Monday, September 19, 2005

One of my favorite series

I've read most of them. Books | Who made Nancy Drew?: "As Benson -- the first woman to earn a master's degree in journalism from the University of Iowa -- testified during a highly publicized 1980 court trial to determine copyright status and ownership of Nancy Drew, 'I was probably a rough and tumble newspaper person who had to earn a living, and I was out in the world. That was my type of Nancy. Nancy was making her way in life.' (Benson worked as a newspaper reporter for more than 50 years and, after being widowed a second time, took to piloting planes to Central America for solo archaeological explorations.) Adams was every bit as progressive. A woman running a company was practically unheard of then, and she managed to stand up for herself in the male-dominated world of publishing while raising a family -- long before there were many resources for working mothers.
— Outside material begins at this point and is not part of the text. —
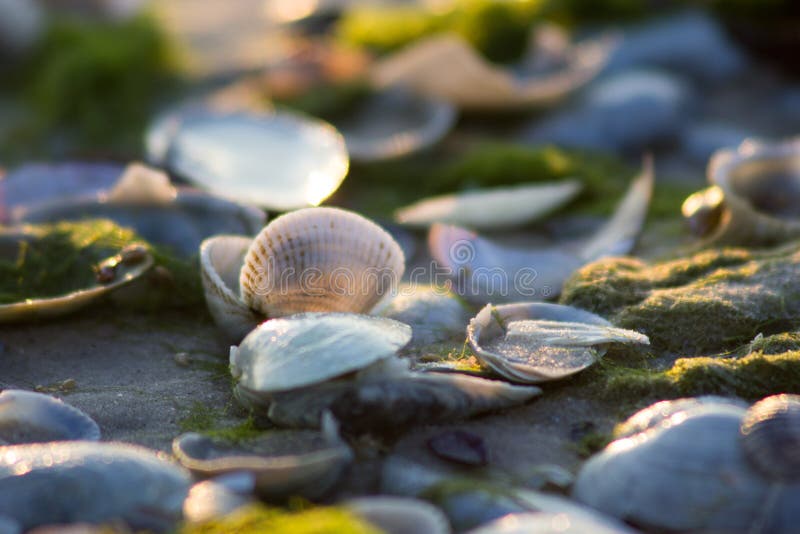 Soft light on the sea coast penetrates shells royalty free stock photos Soft light on the sea coast penetrates shells royalty free stock photos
Adams spent more than 40 years feverishly keeping up appearances that Keene was a real person, and Benson spent almost as long modestly avoiding the limelight. Today, of course, hardly anyone remembers the court drama and media speculation over the true author behind the girl detective series. The Stratemeyer Syndicate is gone; Mildred Wirt Benson and Harriet Stratemeyer Adams are dead. Nancy, however, lives on. (The 1959 version of 'The Secret of the Old Clock' sold around 150,000 copies in 2002, making it one of the top 50 bestselling children's books.)

My other favorites were The Adventures of Tom Swift Jr and Cherry Ames, and Trixie Belden. These were discovered in my alphabetical quest to discover a book that was being read to us in school, but we moved and I didn't know the name of the book. So until I found Meg, Charles Wallace, Mrs Who, Mrs What and Mrs Which I kept reading. The base library kept me going and during the summer of 1968 and throughout the school year I read the young adult section at the Vandenberg AFB library. Every single book that starred a girl or had science fiction, teenage sleuthing or a sense of adventure. Anything that wasn't normal (boring). I finally found my intrepid heroes in the L section, A Wrinkle In Time, one of my all time favorites.

And I wonder where my authority issues and independent streak come from. More reading and less television might lead one to critcal thinking, independent judgement and the ability to see the world in the future, not someone else's special effects.

Imagination is a wonderful and precious thing.